Dataset entries
........

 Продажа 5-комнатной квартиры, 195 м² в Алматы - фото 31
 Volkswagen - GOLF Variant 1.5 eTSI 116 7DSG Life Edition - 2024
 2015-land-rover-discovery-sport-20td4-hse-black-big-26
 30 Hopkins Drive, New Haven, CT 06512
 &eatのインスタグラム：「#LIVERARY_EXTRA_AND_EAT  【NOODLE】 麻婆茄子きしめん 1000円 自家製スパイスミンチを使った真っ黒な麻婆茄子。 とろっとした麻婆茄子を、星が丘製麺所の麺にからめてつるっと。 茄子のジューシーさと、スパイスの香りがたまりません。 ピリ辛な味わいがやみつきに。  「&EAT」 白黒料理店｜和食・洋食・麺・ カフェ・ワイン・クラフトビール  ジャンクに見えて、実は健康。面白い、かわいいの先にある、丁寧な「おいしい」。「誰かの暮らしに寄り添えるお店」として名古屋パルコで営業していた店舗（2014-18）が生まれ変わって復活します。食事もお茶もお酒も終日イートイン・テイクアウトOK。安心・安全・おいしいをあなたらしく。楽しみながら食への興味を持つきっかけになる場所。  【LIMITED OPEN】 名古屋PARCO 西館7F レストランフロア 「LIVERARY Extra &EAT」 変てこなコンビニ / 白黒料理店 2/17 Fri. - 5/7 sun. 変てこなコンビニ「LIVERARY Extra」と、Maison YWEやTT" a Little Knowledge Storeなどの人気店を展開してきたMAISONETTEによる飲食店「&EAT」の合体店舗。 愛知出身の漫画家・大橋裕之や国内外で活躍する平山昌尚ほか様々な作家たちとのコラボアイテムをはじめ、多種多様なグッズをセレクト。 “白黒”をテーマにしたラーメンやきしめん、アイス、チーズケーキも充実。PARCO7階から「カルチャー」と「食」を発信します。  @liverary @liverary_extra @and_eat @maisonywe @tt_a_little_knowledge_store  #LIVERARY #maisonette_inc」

........

◆ **Problem description**: Look above for the line containing "Volkswagen - GOLF" and the line containing "30 Hopkins Drive, New Haven, CT 06512". Transcribe both, with the lines between them, exactly.

◆ **Written reply**:
 Volkswagen - GOLF Variant 1.5 eTSI 116 7DSG Life Edition - 2024
 2015-land-rover-discovery-sport-20td4-hse-black-big-26
 30 Hopkins Drive, New Haven, CT 06512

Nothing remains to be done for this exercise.